Ainsi, selon Einstein et Infeld, le principe du progrès scientifique consiste à adopter la représentation théorique la plus simple (« image […] de plus en plus simple », l. 20 et 21), la plus économe en hypothèses permettant en même temps de rendre compte, d’expliquer le maximum de phénomènes (« des domaines de plus en plus étendus de ses impressions sensibles », l.21 et 22). Il n’en demeure pas moins, précisent les auteurs dans une dernière phrase, que ce progrès ne fait que tendre vers une « limite idéale de la connaissance » sans jamais pouvoir atteindre le cœur de la réalité ni même prétendre avoir atteint cette limite. L’existence de cette limite n’est d’ailleurs présentée que comme l’objet d’une croyance (« Il pourra aussi croire… », l.22) car on ne pourra jamais être certain de l’avoir atteinte et son existence ne sera donc jamais vérifiée, elle ne peut être que supposée ou présumée.

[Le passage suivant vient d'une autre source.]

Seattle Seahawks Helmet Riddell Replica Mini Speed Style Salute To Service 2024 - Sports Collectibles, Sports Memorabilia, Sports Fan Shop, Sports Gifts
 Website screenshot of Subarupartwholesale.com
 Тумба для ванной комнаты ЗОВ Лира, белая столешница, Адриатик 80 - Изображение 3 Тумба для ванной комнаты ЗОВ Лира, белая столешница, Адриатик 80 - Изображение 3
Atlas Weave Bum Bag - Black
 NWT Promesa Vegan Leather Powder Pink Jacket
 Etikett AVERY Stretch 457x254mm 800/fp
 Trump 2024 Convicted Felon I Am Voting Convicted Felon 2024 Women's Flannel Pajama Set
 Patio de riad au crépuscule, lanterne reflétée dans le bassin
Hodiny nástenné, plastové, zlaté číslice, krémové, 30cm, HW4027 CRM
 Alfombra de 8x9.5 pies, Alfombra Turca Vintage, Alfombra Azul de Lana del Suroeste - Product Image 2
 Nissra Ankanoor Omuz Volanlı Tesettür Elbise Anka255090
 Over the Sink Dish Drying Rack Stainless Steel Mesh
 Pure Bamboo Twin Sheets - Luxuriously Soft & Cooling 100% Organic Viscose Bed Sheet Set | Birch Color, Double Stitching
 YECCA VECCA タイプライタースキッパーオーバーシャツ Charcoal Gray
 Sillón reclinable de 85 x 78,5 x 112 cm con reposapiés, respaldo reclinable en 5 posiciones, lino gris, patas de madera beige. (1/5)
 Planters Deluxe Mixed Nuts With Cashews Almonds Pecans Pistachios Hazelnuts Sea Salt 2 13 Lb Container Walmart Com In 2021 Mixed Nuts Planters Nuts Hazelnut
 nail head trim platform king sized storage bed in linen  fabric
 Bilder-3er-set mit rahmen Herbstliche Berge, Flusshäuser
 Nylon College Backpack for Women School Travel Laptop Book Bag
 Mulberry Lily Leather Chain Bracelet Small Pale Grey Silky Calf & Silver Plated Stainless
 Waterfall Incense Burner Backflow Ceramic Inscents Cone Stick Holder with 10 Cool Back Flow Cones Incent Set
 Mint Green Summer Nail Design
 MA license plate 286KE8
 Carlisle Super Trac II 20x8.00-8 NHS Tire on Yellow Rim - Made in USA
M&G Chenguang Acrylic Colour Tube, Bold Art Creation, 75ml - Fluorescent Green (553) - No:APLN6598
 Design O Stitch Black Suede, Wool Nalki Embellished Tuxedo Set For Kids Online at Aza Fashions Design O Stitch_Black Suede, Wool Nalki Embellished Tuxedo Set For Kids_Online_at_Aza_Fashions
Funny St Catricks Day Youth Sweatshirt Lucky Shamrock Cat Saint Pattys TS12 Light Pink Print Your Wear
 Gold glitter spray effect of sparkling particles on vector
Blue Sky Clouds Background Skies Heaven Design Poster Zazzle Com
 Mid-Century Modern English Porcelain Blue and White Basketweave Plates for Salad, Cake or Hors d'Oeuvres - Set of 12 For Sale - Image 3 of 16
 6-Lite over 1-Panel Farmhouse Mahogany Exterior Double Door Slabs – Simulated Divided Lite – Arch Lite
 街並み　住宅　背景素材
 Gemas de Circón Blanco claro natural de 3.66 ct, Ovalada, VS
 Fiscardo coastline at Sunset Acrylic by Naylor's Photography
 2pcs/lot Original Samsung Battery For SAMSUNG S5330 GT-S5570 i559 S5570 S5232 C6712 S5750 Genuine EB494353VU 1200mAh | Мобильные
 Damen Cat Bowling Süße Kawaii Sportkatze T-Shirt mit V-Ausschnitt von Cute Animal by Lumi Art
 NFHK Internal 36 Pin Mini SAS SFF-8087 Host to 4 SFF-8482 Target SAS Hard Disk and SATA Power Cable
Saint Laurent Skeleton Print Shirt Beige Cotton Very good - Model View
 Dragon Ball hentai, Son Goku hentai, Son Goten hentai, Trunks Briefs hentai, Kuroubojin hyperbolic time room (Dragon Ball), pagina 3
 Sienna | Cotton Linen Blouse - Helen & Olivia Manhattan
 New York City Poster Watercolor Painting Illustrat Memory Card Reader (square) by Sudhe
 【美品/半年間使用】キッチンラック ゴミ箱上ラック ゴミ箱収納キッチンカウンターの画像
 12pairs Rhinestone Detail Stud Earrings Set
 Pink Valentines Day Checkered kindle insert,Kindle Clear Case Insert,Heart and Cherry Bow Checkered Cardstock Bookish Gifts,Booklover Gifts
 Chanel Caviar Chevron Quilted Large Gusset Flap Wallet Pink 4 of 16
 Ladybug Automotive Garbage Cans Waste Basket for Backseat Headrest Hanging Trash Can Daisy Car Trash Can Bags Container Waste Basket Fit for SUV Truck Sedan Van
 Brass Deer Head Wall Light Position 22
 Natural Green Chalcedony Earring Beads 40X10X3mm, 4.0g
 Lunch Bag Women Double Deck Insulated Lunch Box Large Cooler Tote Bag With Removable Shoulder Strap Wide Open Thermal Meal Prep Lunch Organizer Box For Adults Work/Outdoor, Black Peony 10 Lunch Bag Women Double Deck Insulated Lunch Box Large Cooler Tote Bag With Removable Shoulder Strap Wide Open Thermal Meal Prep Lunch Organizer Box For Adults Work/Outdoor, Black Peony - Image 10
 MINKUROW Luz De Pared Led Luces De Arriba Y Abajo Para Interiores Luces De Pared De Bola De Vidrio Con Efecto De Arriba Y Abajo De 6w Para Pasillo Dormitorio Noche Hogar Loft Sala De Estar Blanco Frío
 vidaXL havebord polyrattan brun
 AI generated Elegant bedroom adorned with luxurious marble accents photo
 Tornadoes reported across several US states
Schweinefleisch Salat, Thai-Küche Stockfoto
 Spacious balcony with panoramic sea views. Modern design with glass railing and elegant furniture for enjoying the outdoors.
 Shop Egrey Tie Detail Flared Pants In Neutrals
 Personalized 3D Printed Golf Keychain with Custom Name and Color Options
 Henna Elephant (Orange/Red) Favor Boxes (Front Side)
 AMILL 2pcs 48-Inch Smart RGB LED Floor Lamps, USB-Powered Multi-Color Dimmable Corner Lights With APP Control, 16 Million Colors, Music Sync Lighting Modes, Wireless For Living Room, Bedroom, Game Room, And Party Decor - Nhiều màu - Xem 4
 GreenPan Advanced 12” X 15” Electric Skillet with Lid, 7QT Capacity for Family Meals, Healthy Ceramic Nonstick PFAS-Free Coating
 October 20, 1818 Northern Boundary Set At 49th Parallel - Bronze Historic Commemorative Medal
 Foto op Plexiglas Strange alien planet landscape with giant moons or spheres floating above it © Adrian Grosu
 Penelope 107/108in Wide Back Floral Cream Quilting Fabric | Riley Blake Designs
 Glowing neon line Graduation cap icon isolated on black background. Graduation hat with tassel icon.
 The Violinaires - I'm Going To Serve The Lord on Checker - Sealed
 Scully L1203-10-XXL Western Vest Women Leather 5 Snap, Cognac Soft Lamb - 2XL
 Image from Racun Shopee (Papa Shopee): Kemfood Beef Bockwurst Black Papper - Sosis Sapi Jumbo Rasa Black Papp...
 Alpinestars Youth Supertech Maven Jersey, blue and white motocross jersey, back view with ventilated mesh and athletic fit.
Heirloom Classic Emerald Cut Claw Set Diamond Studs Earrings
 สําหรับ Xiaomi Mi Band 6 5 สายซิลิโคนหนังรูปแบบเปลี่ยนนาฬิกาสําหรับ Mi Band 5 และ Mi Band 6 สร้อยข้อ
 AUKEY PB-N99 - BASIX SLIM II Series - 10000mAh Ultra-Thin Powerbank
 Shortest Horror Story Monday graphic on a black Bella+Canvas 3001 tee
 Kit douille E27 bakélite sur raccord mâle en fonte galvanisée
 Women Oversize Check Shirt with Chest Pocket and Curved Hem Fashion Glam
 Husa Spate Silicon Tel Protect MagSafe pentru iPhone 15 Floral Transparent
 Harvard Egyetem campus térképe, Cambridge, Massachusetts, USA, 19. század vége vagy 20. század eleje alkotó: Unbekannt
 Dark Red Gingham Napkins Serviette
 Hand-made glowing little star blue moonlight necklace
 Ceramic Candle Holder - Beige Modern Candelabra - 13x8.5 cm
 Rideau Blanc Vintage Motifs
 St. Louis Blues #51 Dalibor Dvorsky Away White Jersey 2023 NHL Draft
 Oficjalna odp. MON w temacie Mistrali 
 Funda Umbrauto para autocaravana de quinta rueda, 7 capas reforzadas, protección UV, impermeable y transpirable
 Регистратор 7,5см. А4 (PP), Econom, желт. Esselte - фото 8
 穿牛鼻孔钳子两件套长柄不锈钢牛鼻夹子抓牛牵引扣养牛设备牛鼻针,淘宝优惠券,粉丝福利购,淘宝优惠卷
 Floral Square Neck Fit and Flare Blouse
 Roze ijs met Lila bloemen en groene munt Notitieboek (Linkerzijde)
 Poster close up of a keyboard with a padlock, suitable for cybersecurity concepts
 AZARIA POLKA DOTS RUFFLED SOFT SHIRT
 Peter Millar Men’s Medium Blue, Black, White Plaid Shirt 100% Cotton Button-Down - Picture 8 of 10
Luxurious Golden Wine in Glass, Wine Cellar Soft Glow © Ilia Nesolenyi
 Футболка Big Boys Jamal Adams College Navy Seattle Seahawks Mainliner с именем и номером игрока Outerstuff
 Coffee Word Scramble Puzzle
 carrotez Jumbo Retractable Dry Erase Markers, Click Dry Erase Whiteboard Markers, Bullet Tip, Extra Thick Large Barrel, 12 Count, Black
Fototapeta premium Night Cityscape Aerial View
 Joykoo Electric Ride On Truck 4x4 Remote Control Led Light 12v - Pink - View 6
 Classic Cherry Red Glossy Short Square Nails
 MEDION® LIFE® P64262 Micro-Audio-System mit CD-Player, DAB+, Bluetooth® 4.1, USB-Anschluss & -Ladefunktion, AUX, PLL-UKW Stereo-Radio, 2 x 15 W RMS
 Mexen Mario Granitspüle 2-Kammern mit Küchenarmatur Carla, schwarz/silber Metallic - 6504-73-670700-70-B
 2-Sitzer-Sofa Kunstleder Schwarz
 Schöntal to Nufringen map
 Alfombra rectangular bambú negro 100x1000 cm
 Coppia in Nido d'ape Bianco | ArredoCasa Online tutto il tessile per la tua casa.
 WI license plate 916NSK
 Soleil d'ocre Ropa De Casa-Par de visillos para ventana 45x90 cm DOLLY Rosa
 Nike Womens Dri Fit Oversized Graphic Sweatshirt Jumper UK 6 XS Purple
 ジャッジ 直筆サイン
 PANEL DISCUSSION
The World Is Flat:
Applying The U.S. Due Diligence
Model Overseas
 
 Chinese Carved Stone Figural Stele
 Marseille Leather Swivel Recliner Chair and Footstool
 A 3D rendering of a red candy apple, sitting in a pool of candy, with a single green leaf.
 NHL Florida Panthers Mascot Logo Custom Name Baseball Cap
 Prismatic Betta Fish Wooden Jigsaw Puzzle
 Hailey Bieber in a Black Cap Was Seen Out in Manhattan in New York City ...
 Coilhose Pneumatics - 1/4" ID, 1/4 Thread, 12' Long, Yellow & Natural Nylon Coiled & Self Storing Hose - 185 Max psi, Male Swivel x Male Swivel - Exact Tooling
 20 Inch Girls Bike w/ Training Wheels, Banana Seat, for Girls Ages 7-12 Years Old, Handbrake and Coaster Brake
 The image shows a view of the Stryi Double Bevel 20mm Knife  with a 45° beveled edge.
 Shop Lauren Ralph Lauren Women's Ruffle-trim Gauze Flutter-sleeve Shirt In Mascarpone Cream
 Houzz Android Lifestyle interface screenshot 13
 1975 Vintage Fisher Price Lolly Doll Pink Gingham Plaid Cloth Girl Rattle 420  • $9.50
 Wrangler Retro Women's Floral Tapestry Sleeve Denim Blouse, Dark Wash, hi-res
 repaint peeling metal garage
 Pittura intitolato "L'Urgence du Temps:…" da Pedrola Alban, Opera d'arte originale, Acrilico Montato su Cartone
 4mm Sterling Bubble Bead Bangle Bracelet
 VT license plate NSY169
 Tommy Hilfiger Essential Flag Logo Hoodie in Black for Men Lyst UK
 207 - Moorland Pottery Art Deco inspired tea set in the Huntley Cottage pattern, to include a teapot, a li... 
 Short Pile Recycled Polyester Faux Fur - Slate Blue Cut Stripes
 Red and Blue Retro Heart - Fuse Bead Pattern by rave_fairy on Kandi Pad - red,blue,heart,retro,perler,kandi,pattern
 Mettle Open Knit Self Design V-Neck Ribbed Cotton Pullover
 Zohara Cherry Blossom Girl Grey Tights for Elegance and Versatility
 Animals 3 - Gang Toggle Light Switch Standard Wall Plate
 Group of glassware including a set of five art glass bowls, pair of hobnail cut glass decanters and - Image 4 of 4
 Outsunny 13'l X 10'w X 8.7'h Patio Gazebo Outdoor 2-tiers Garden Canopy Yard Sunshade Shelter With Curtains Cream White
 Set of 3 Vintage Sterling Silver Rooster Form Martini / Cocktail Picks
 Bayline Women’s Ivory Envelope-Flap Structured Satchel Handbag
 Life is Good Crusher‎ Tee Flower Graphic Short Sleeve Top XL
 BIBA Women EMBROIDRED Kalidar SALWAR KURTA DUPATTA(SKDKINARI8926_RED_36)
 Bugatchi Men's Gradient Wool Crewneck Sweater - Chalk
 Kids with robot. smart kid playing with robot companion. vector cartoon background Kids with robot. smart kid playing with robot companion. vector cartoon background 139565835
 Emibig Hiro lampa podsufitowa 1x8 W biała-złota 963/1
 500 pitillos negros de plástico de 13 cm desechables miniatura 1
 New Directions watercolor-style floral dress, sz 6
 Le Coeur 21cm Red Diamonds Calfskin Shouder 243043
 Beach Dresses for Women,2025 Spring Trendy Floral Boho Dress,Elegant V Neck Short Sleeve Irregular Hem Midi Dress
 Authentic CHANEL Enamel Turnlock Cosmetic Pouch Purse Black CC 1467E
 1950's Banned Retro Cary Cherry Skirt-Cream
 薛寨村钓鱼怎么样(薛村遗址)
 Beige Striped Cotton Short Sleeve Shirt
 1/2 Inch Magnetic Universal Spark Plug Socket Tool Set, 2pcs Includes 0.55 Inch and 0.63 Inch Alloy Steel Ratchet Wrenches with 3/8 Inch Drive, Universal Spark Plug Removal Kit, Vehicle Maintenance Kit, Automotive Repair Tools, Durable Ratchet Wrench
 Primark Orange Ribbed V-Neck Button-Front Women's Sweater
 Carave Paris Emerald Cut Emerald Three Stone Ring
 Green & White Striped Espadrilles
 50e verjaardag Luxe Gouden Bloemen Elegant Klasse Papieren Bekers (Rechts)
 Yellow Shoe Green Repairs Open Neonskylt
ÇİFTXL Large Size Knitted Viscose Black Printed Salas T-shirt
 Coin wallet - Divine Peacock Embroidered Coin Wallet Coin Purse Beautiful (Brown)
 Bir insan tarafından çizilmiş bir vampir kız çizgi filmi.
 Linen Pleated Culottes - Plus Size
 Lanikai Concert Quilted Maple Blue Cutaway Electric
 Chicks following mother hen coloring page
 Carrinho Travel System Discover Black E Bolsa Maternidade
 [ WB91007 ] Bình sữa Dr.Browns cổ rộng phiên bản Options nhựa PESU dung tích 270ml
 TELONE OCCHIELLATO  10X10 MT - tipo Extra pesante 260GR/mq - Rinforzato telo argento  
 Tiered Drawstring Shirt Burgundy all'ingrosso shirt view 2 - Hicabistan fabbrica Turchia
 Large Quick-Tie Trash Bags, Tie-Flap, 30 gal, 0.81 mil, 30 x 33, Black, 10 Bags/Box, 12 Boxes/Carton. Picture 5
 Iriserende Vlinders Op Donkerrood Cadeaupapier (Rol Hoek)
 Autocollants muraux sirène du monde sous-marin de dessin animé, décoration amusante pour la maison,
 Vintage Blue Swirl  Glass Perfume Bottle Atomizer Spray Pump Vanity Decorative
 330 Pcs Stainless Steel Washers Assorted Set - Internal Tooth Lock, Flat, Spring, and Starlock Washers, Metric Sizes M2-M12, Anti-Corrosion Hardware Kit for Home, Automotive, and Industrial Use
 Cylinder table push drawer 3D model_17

Toutefois cette « limite idéale » de la connaissance scientifique est le seul synonyme possible de la « vérité objective » pour l’homme, c’est-à-dire qu’elle consiste en le modèle explicatif le plus fécond possible pour un esprit nécessairement limité à n’observer que des apparences de la réalité et non la réalité en elle-même. Les auteurs de cet extrait soutiennent ici un point de vue critique sur les possibilités de la connaissance humaine dont ils montrent bien les irréductibles limites. Déjà, Kant posait un regard critique analogue lorsqu’il s’efforçait de démontrer les limites inhérentes à toute connaissance humaine condamnée à ne jamais connaître de la réalité que notre manière de la connaître sans jamais pouvoir accéder à la « chose en soi ». En effet, selon l’auteur de la Critique de la raison pure, la réalité en soi ne nous est donnée que comme phénomènes ordonnés à travers les intuitions a priori de l’espace et du temps propres à notre sensibilité (faculté de recevoir les données des sens). Ces données des sens ne sont donc perceptibles que comme phénomènes que notre entendement organise selon des catégories, c’est-à-dire des concepts a priori de notre entendement qui juge ces données apparentes à notre sensibilité pour les constituer en connaissances. Sans forcément souscrire à cet idéalisme transcendantal, à cet « a priorisme », Einstein et Infeld nous informent que nous ne connaissons la réalité qu’à travers le crible des concepts scientifiques (qu’on pourrait donc qualifier d’a posteriori) réduits à s’appliquer aux observations de notre sensibilité. La vérité objective ne sera donc jamais qu’un horizon pour la connaissance humaine et la connaissance scientifique qu’un pis-aller inévitable dans notre appréhension de la réalité.

Ce texte est particulièrement intéressant parce que d’éminents scientifiques y manifestent une humble lucidité critique quant aux prétentions de la connaissance scientifique : celle-ci ne peut jamais que proposer un modèle d’explication des apparences sensibles de la réalité à travers des hypothèses théoriques abstraites inventées par le génie de l’homme et dont la valeur se mesure à leur fécondité explicative à partir d’une exigence d’économie du nombre de ces hypothèses. Mais en aucun cas, le chercheur ne peut prétendre avoir atteint la réalité en elle-même et d’autres systèmes théoriques tout aussi efficaces restent possibles.